Keywords

1 Introduction

Grids enable the execution of large and complex programs in a distributed fashion. It is however, common that resources are provisioned in a best effort approach only, with no guarantees placed upon service quality. It has also been known for some time that guaranteed provision of reliable, transparent and quality of service (QoS) oriented resources is the next important step for Grid systems [1, 2].

In real world commercial and time-critical scientific settings guarantees that computation is going to be completed on time are required. It is therefore important to establish at submission time the requirements of the users in terms of completion time and cost/priority of the work. In establishing and handling this Grids can be moved away from the best-effort service which limits their importance, as users’ reluctance to pay or contribute resources for late returning of results is mitigated [3].

We present two motivational scenarios that illustrate this need for time guarantees.

The first is a commercial scenario such as animation where frames maybe computed overnight before the animation team arrive, partial completion of the work delays or stops the team from starting the next day’s work [4]. The second scenario is in an academic environment where it is common before conferences for Grids to become overloaded [5]. It therefore makes sense to prioritise jobs based upon when the results are required. In order that prioritisation is provided correctly an economic approach is used to ensure users truthfully indicate their priorities [6, 7].

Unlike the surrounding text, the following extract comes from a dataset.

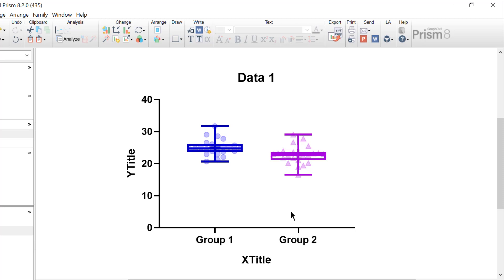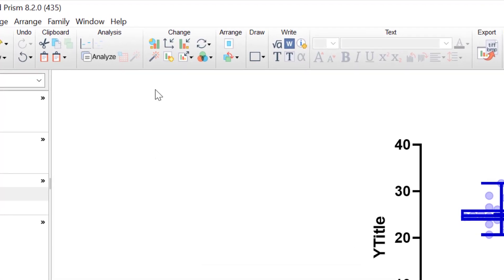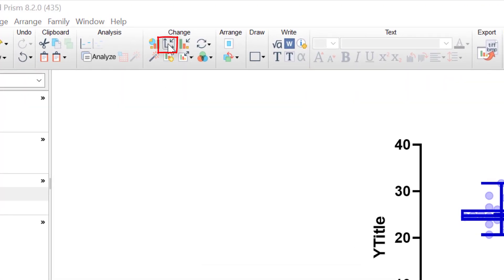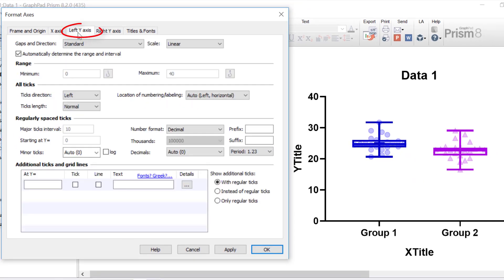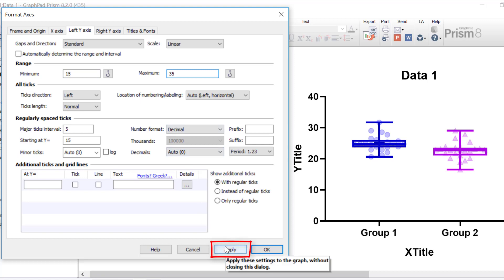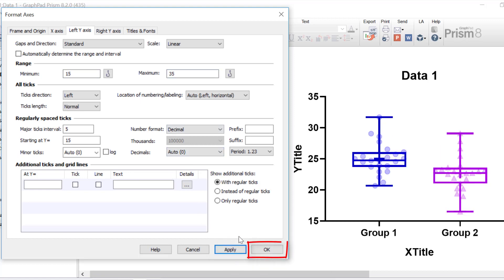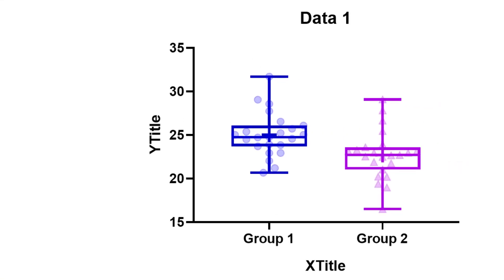Another thing that I'd like to do on this graph is remove the white space underneath the box and whisker plot. And this will also zoom in on the plots themselves so you can see the plots a lot better. So to change the axes, you want to click on the format axes button at the top. I'm going to go to the left y-axis tab, and then currently the range and interval is automatically determined by GraphPad. However, I'm going to untick this option and change the minimum value to be 15 and the maximum value to be 35. And I'm going to click the apply button. And then I'm going to click the OK button to return to the graph.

This paper’s main contribution is that we report upon our study of QoS provision due to enhanced job admission control, within our newly implemented Grid brokering system. We demonstrate the improvement in QoS by submitting jobs for estimates in our negotiation based system and then selecting the best provider for computation.

The remaining structure of the paper is as follows. In Sect. 2 we describe the pricing model and illustrate how broker profit relates to QoS provision. In Sect. 3 we discuss the provider selection policies under test. We then in Sect. 4 discuss the experimental setup and report upon the results in Sect. 5. In Sect. 6 we discuss the related works and in Sect. 7 we conclude our work and discuss future work.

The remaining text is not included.